(Supplied entries Opens)

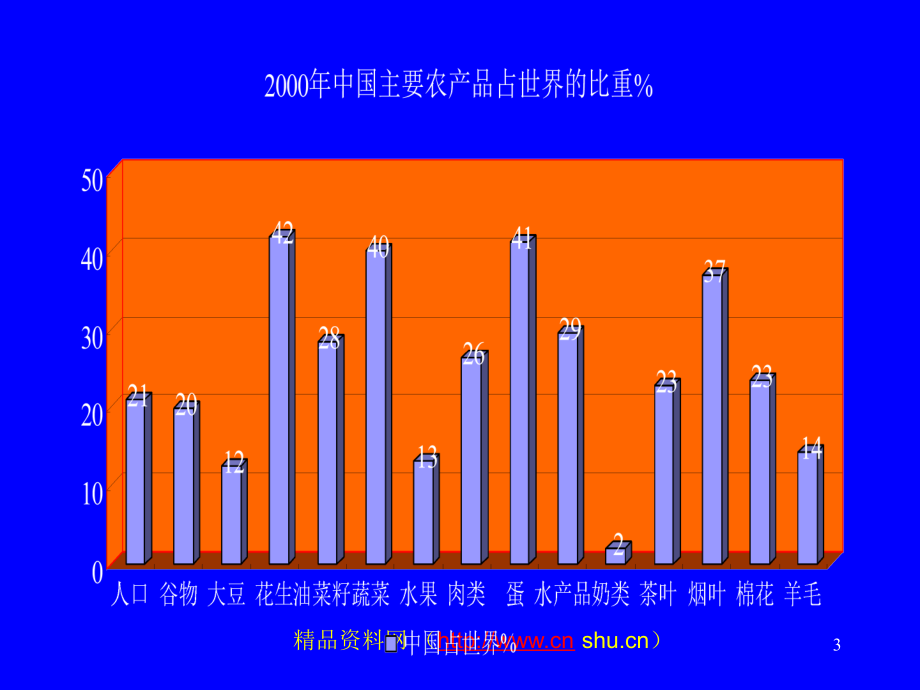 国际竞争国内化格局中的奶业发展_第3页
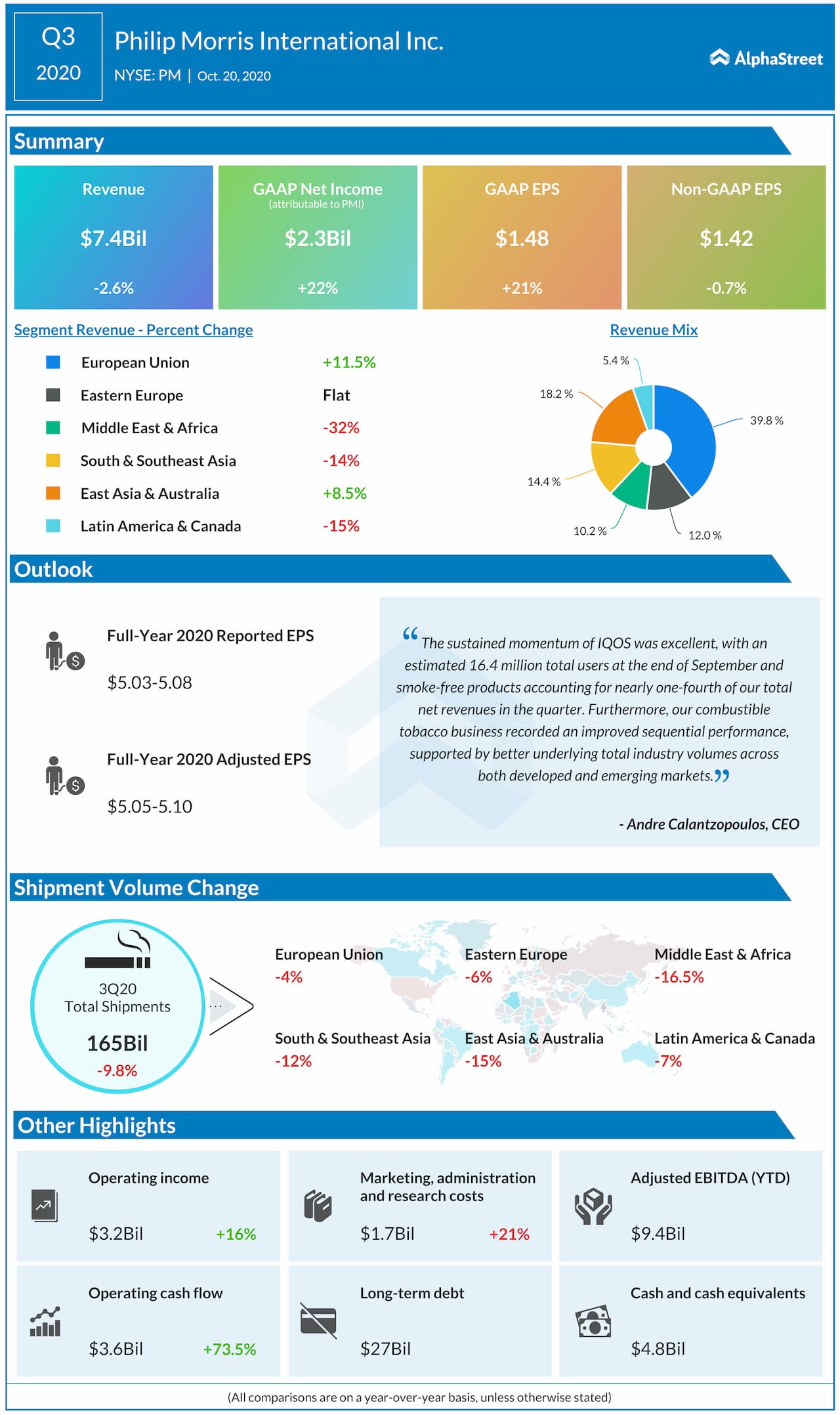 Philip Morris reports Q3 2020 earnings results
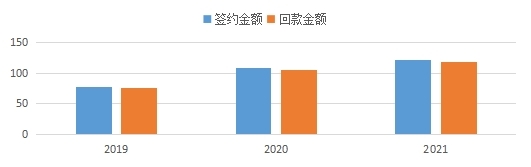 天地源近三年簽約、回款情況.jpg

(Supplied entries Closes)
(Supplied entries Opens)

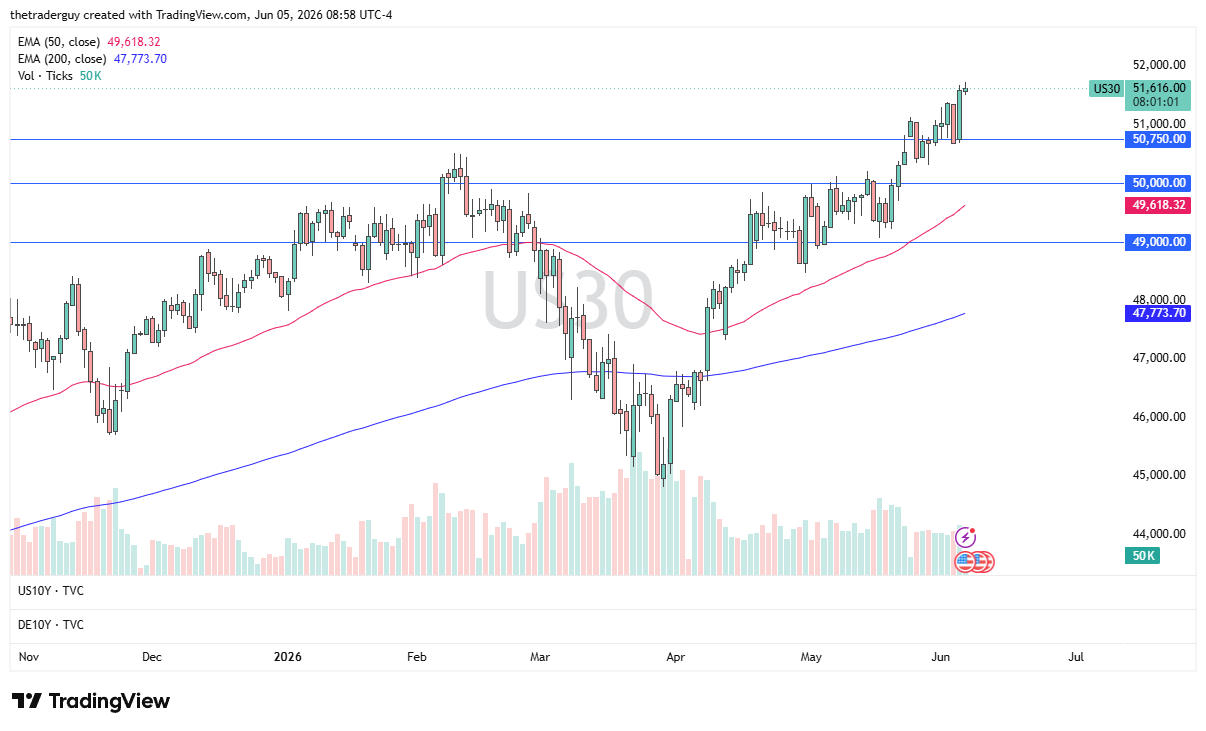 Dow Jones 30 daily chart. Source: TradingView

(Supplied entries Closes)
(Supplied entries Opens)

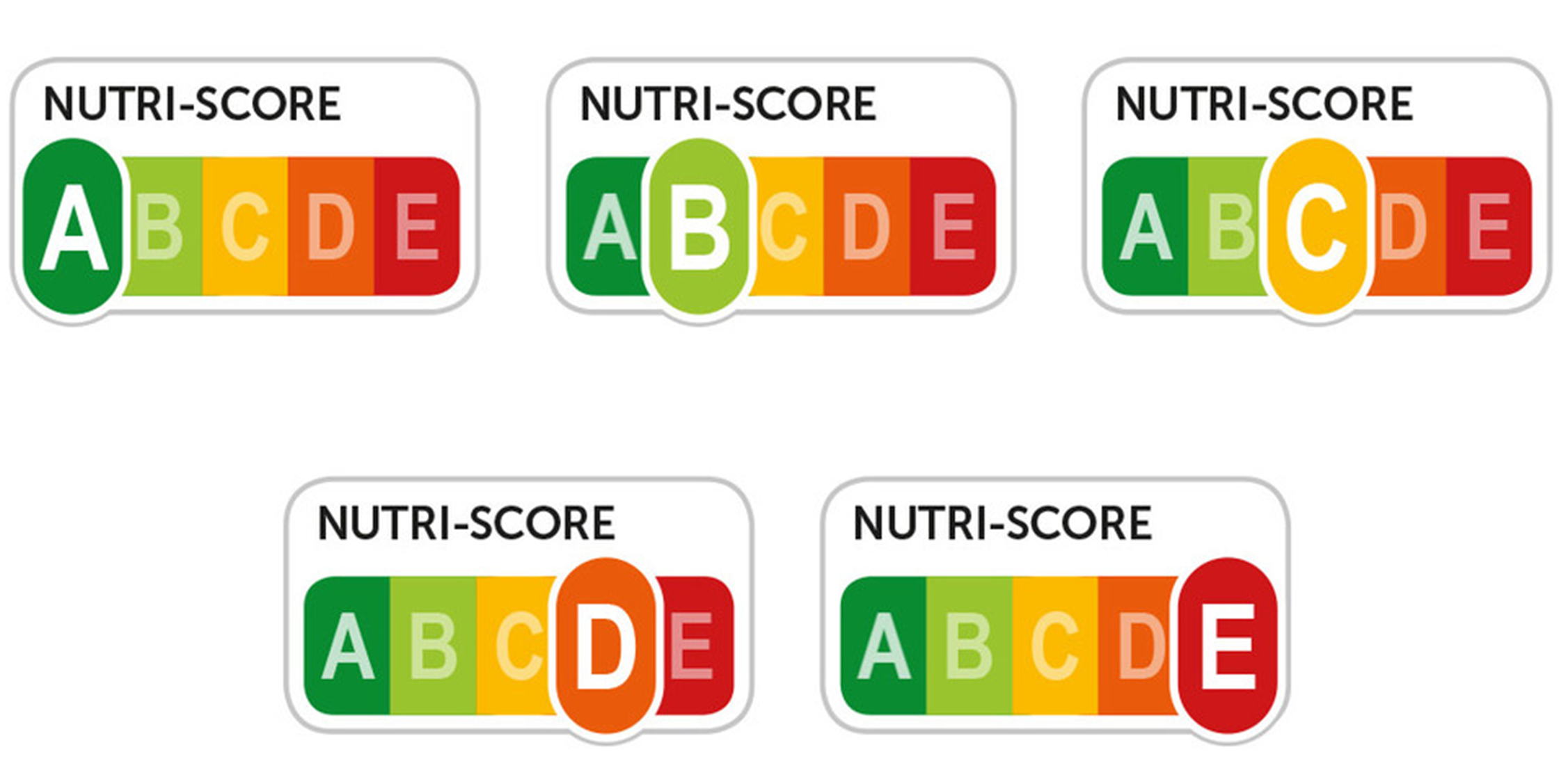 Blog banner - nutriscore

(Supplied entries Closes)

- What the task asks -
The answer is the lines of the material above, from the one containing "国际竞争国内化格局中的奶业发展_第3页" down to the one containing "天地源近三年簽約、回款情況.jpg", given exactly and without images.

- Solution for this problem -
 国际竞争国内化格局中的奶业发展_第3页
 Philip Morris reports Q3 2020 earnings results
 天地源近三年簽約、回款情況.jpg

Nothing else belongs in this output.